[Captioned web image data]

------------------------------------------------

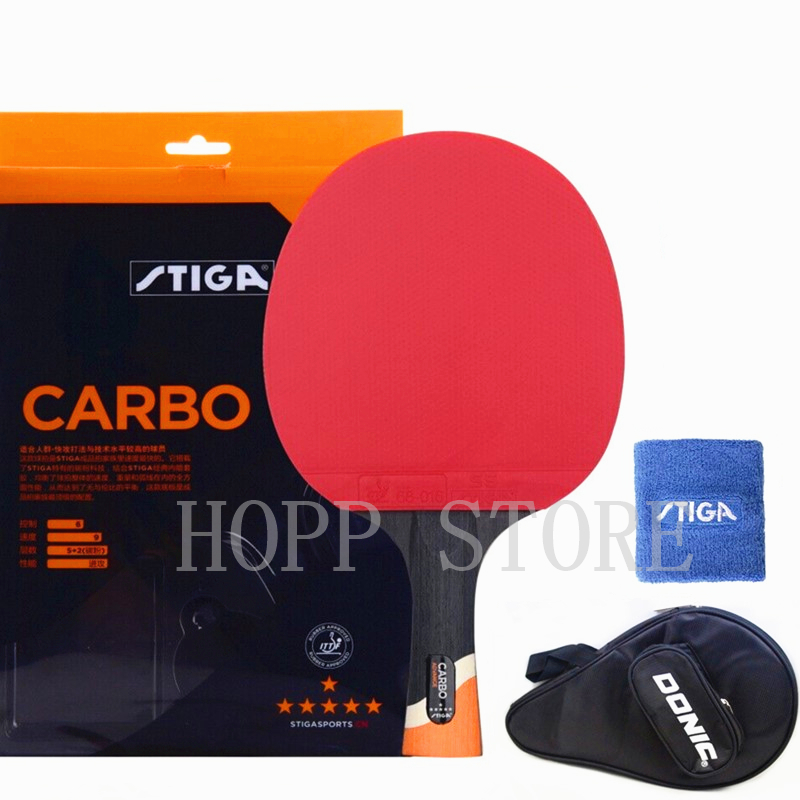 STIGA 6 Star Racket Offensive  - Badminton Racket Carbon recension och pris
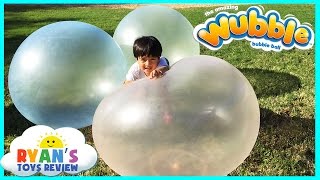 WUBBLE BUBBLE BALL Family Fun playtime outside with GIANT BALL kids Video Ryan ToysReview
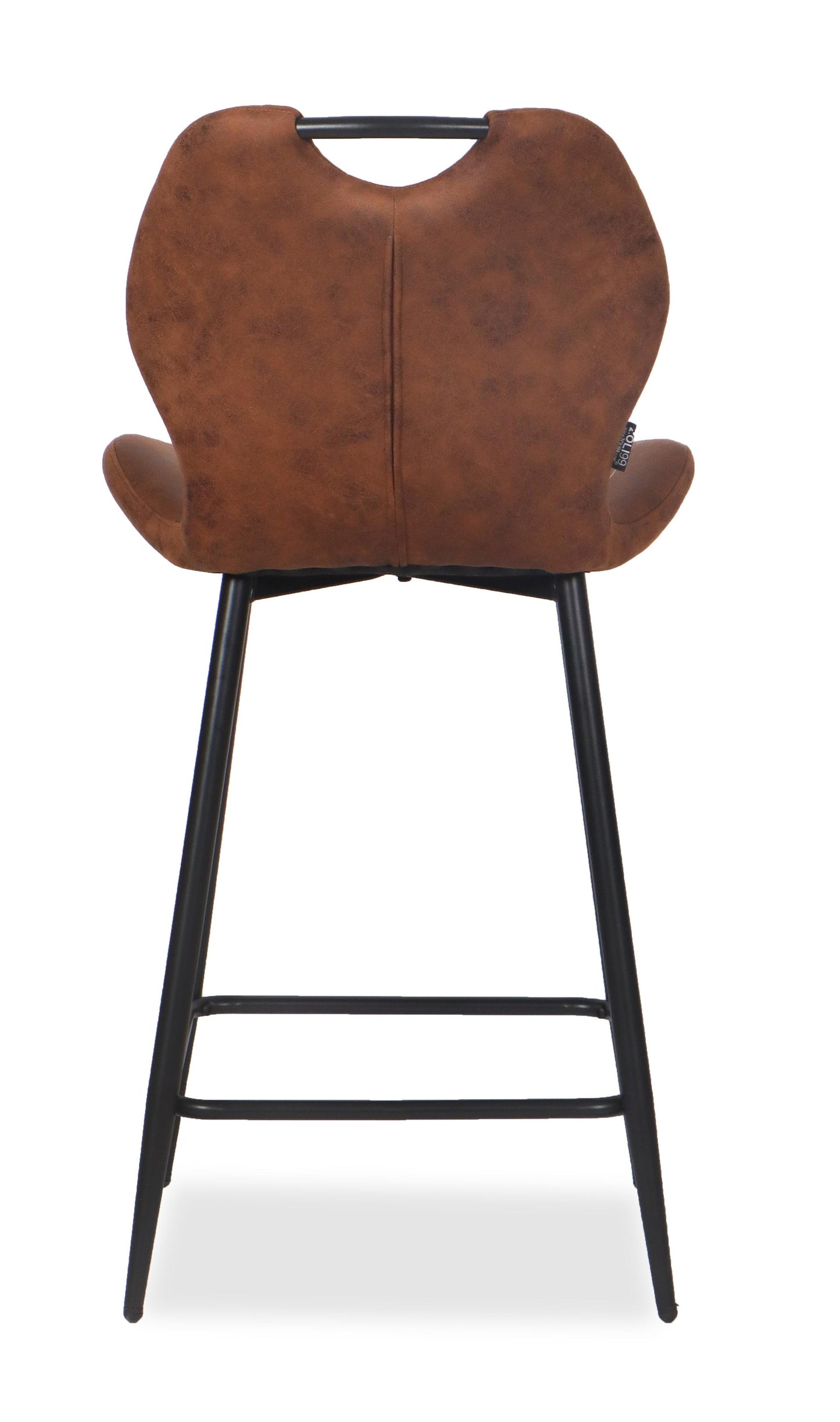 Chaise Haute Tabouret de bar en tissu anti tache, 60x48xH95CM - YAEL ( 65 cm hauteur assise)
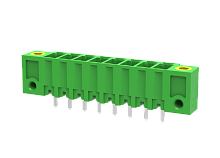 MC-PA3.81V08-F Разъём штекерный MC, прям. конт.,шаг 3.81мм,8 конт., фланц.,зел., шт | код MC-PA3.81V08-F | SUPU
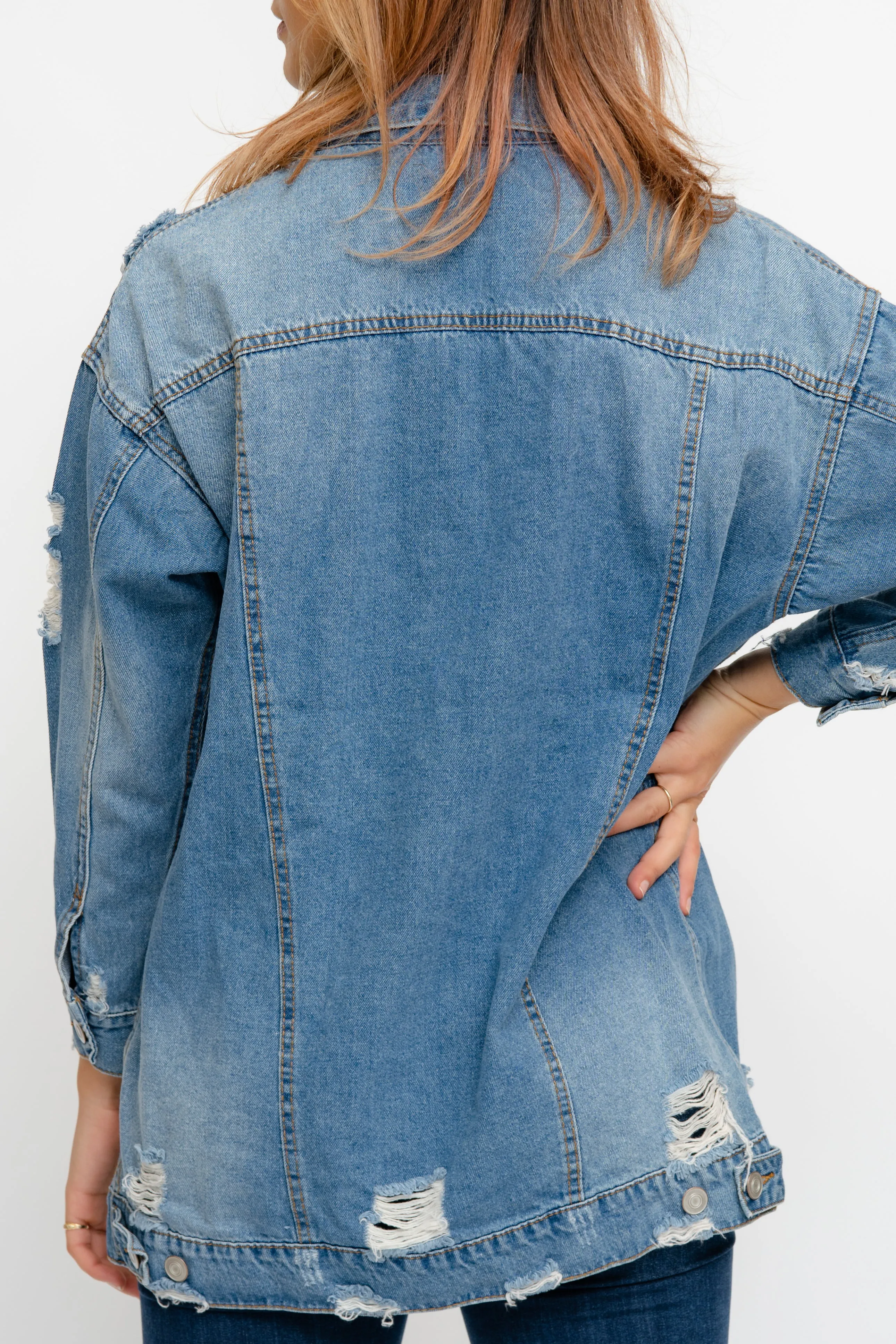 Best years DENIM DESTROYED JACKET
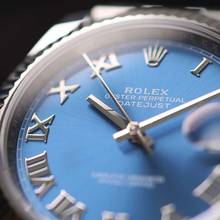 Thumbnail von Rolex Datejust 41 Jubilee Fluted Azzurro Blue Roman Dial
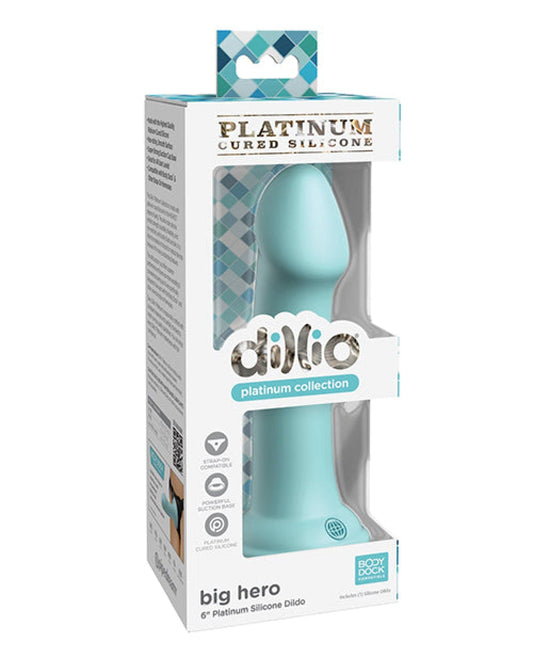 Doll Authority Dongs & Dildos Teal Dillio Platinum 6" Big Hero Silicone Dildo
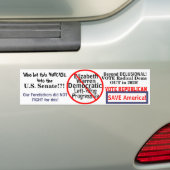 Democratische Elizabeth Warren Bewerk het JAAR Bumpersticker (Op auto)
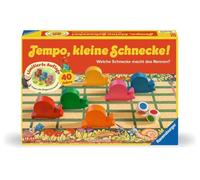 Ravensburger Kinderspiel 23034-Gioco Tempo Piccola 40, Popolare Gara di lumache con aggiunta di premiazione, Gioco da Tavolo Ragazzi, 2-6 Giocatori, dai 3 Anni in su, 23034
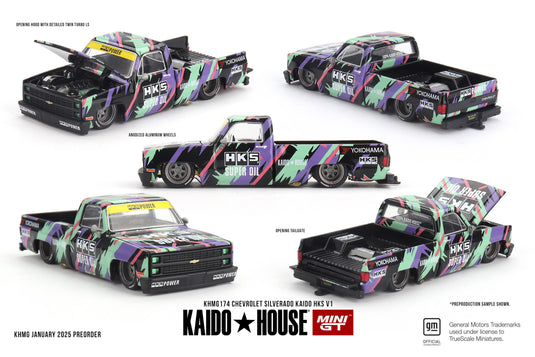 Chevrolet SILVERADO KAIDO HKS V1 1980 MINI GT 1:64
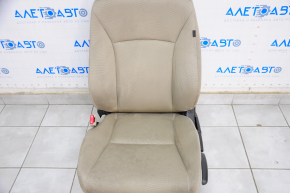 Scaun șofer Honda Accord 13-17 fără airbag, manual, velur bej, de curățat chimic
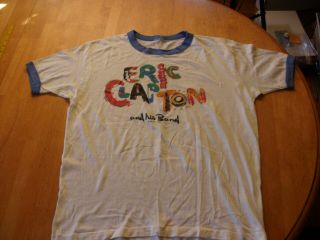Eric Clapton And His Band 1985 100 Vintage Concert Tour T - Shirt Sz M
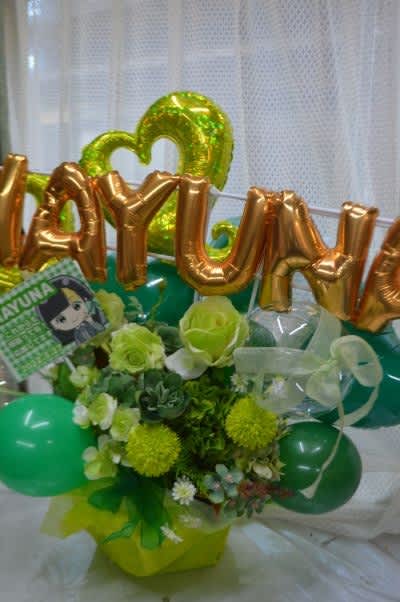 渋谷Spotify O-Crestにお届けの楽屋花
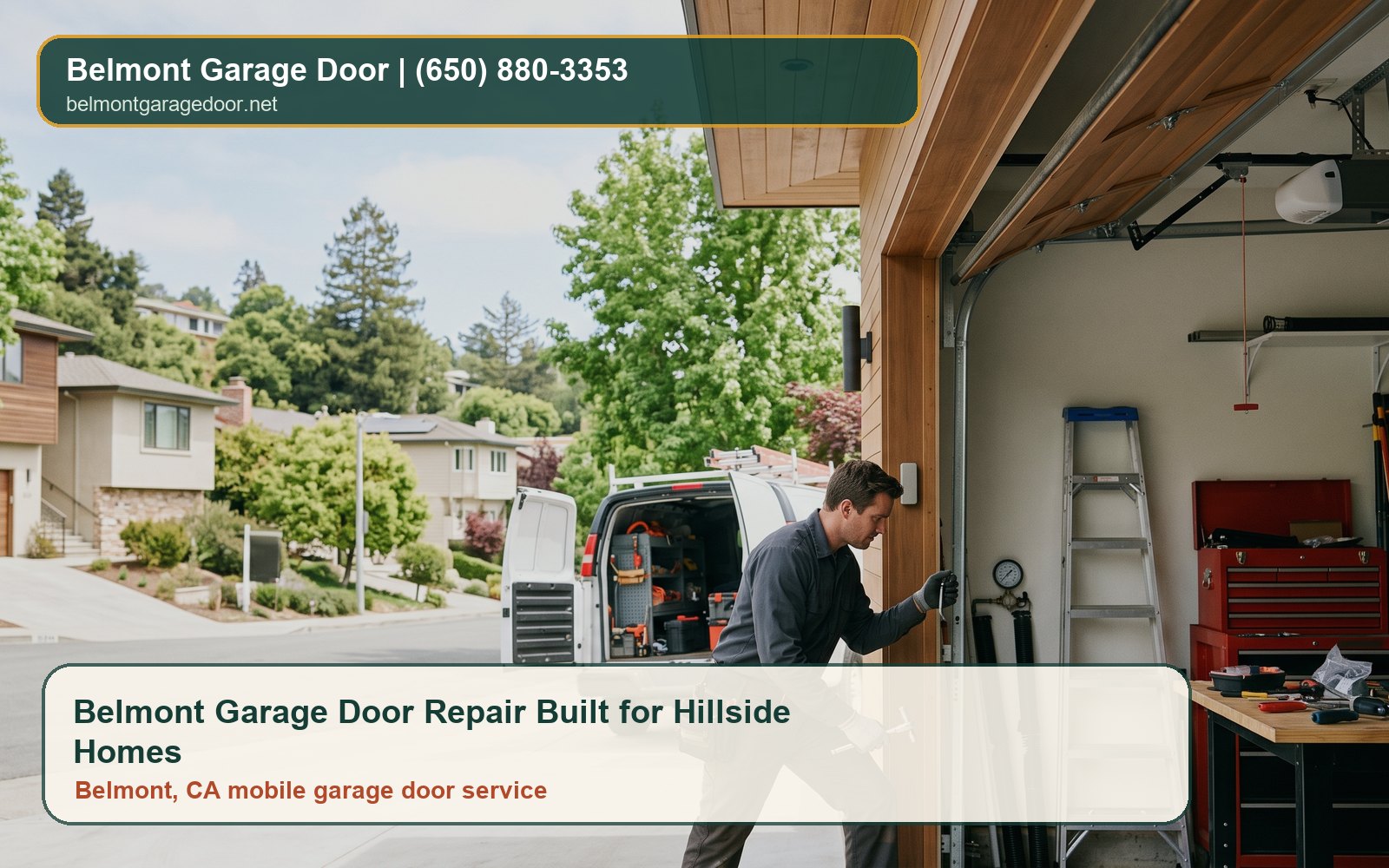 Belmont Garage Door Repair Built for Hillside Homes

------------------------------------------------

### About this exercise
Return the entries exactly as given. Do not include pictures.

### Solved problem
 STIGA 6 Star Racket Offensive  - Badminton Racket Carbon recension och pris
 WUBBLE BUBBLE BALL Family Fun playtime outside with GIANT BALL kids Video Ryan ToysReview
 Chaise Haute Tabouret de bar en tissu anti tache, 60x48xH95CM - YAEL ( 65 cm hauteur assise)
 MC-PA3.81V08-F Разъём штекерный MC, прям. конт.,шаг 3.81мм,8 конт., фланц.,зел., шт | код MC-PA3.81V08-F | SUPU
 Best years DENIM DESTROYED JACKET
 Thumbnail von Rolex Datejust 41 Jubilee Fluted Azzurro Blue Roman Dial
 Doll Authority Dongs & Dildos Teal Dillio Platinum 6" Big Hero Silicone Dildo
 Democratische Elizabeth Warren Bewerk het JAAR Bumpersticker (Op auto)
 Ravensburger Kinderspiel 23034-Gioco Tempo Piccola 40, Popolare Gara di lumache con aggiunta di premiazione, Gioco da Tavolo Ragazzi, 2-6 Giocatori, dai 3 Anni in su, 23034
 Chevrolet SILVERADO KAIDO HKS V1 1980 MINI GT 1:64
 Scaun șofer Honda Accord 13-17 fără airbag, manual, velur bej, de curățat chimic
Eric Clapton And His Band 1985 100 Vintage Concert Tour T - Shirt Sz M
 渋谷Spotify O-Crestにお届けの楽屋花
 Belmont Garage Door Repair Built for Hillside Homes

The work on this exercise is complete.